Would you write out the lines below exactly, from the one containing "Collegiate Institution, Liverpool" to the very last, but without the pictures?
[GIVEN DATA]
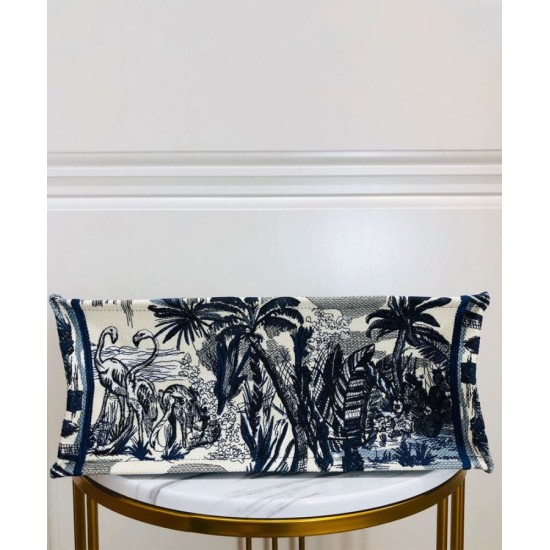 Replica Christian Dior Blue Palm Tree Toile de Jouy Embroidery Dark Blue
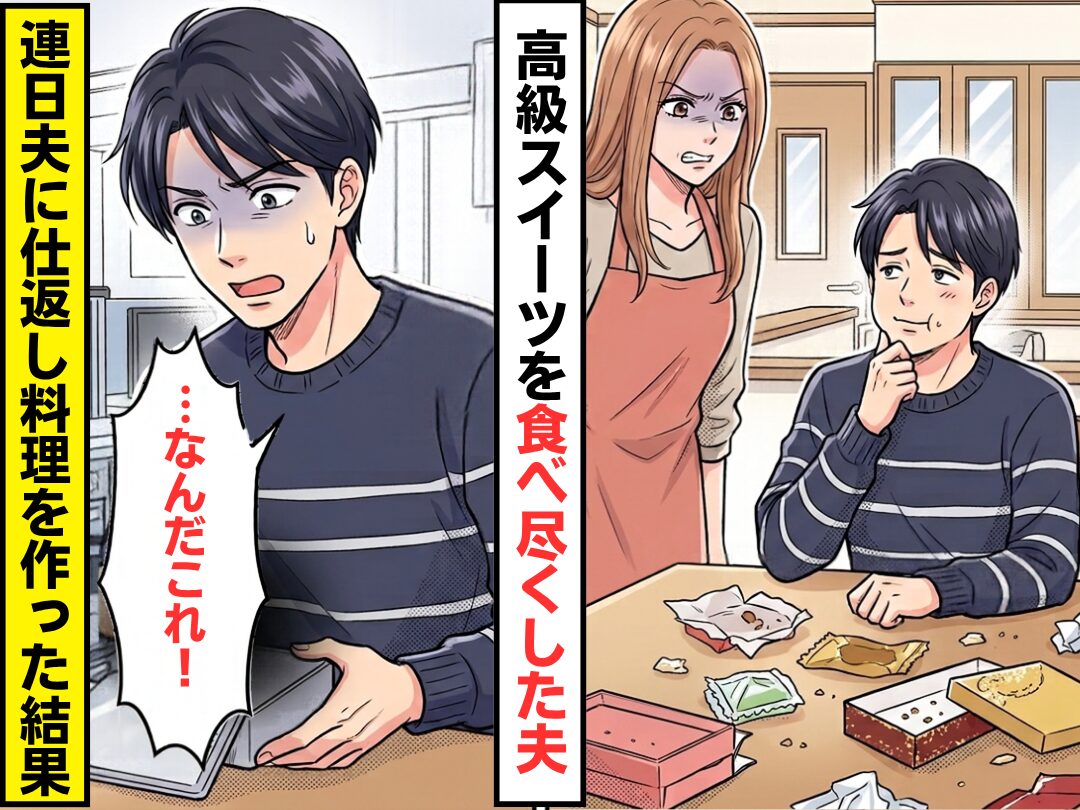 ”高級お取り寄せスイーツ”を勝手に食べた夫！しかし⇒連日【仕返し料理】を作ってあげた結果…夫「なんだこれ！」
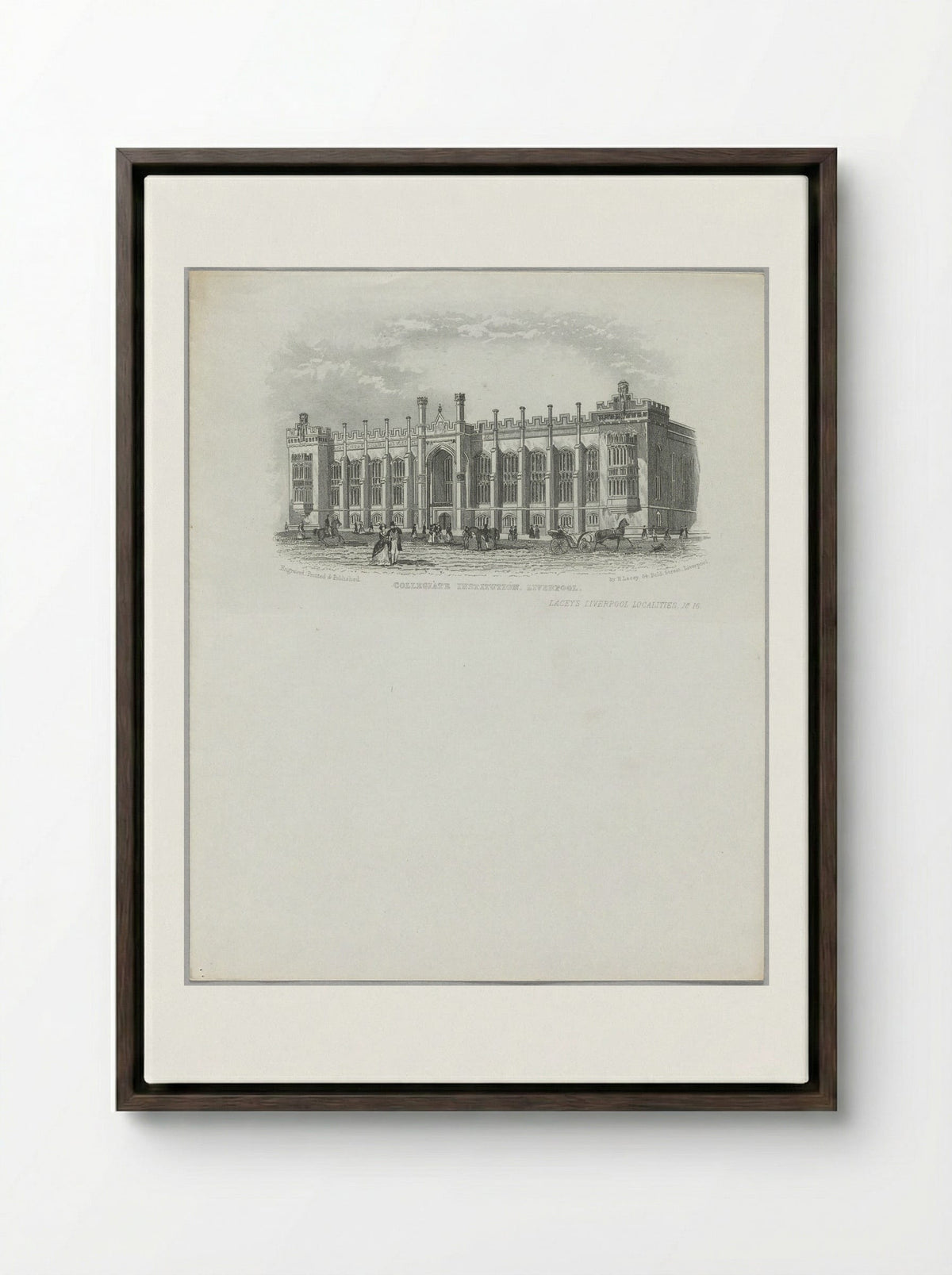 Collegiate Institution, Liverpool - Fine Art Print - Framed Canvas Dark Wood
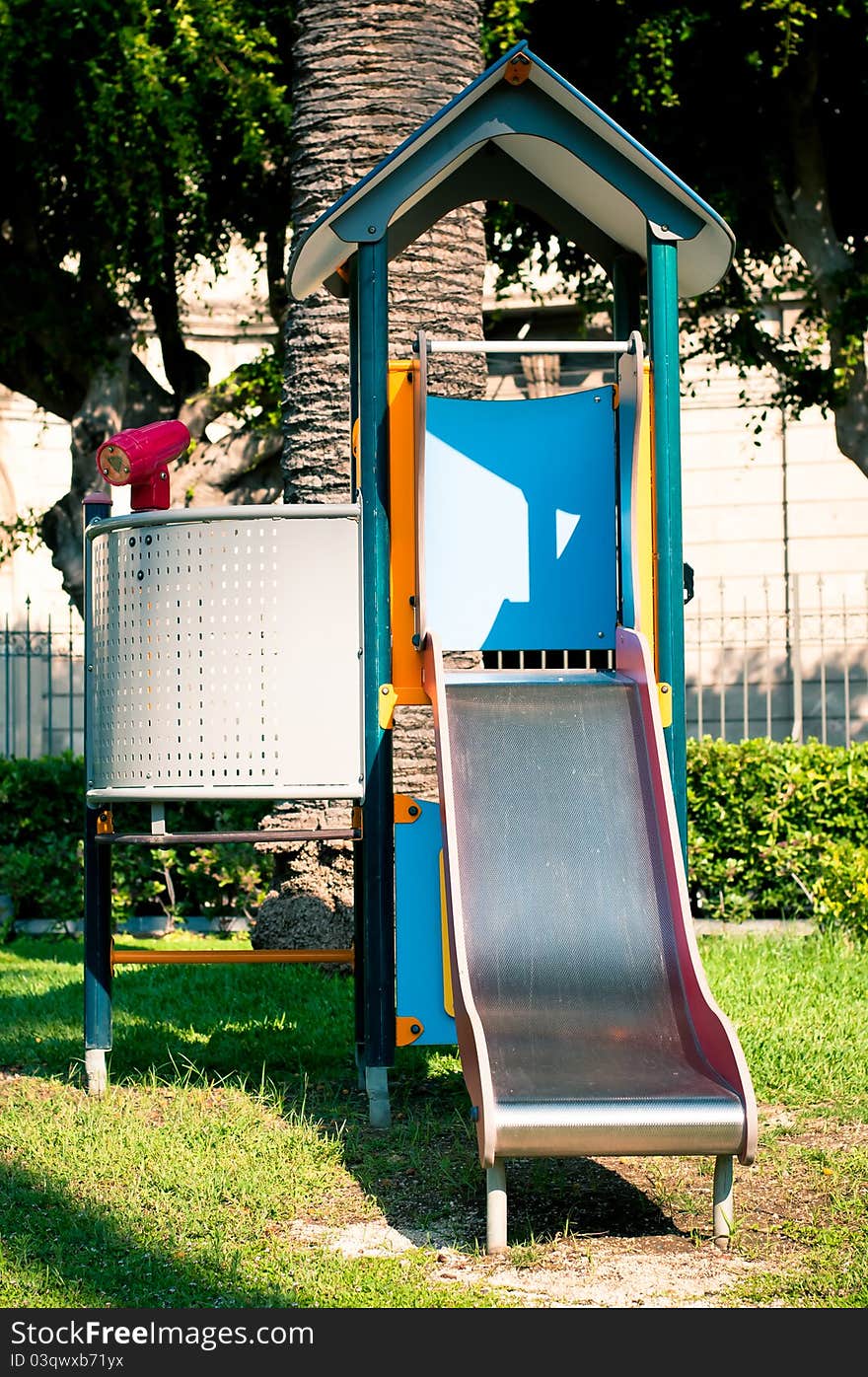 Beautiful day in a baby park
[/GIVEN DATA]
| TASK RESPONSE |
 Collegiate Institution, Liverpool - Fine Art Print - Framed Canvas Dark Wood
 Beautiful day in a baby park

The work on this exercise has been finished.